> **WORK REQUEST**
Take from the entries below the stretch from the line with "Joyful white young-adult" through the line with "two barbie dolls", and return it exactly, leaving the pictures out.

> **DATASET RECORDS**
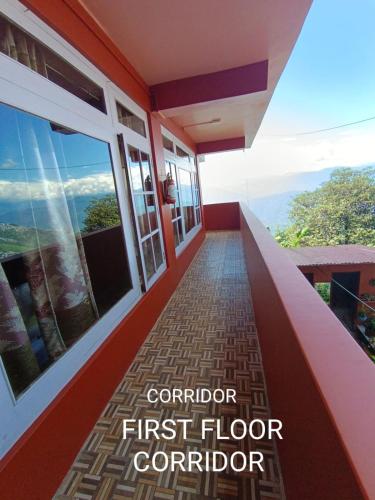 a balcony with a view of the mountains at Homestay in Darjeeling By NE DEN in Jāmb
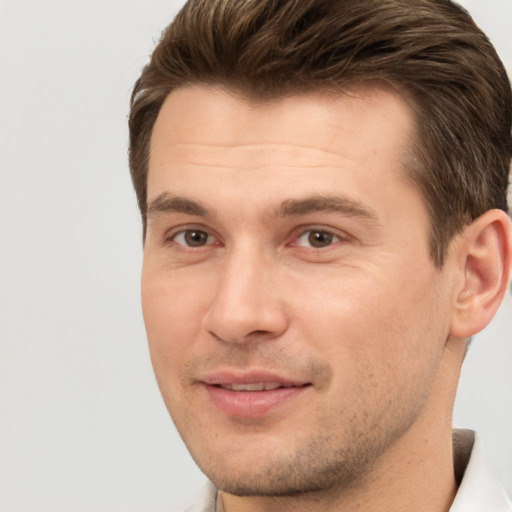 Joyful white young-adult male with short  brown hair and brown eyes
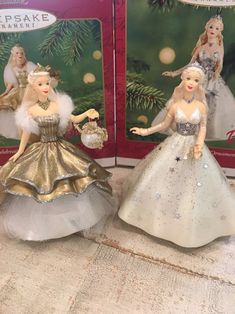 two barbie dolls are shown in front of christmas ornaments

...

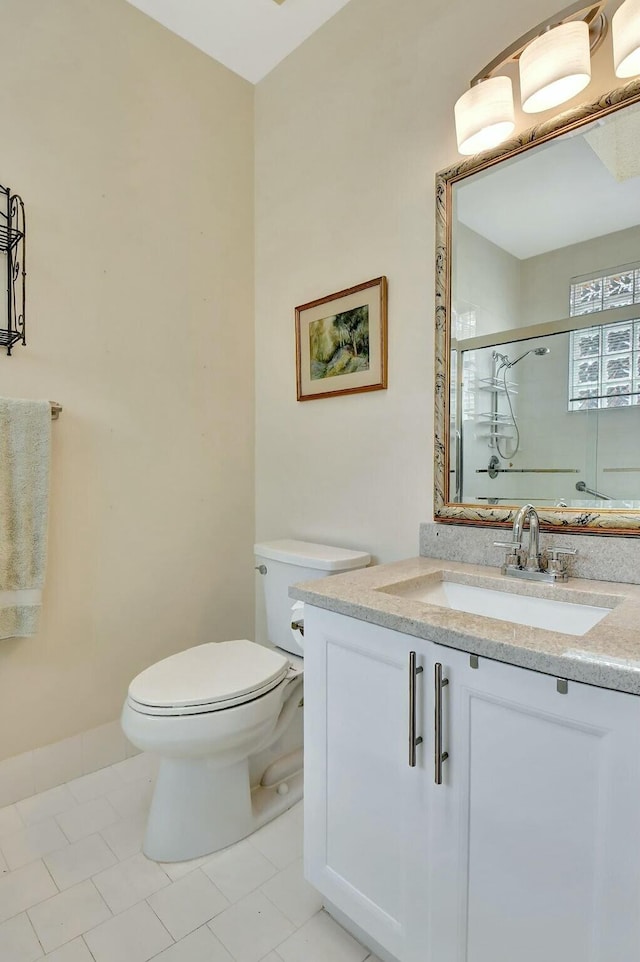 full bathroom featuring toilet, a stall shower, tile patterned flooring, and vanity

> **RESPONSE TO THE EXERCISE**
 Joyful white young-adult male with short  brown hair and brown eyes
 two barbie dolls are shown in front of christmas ornaments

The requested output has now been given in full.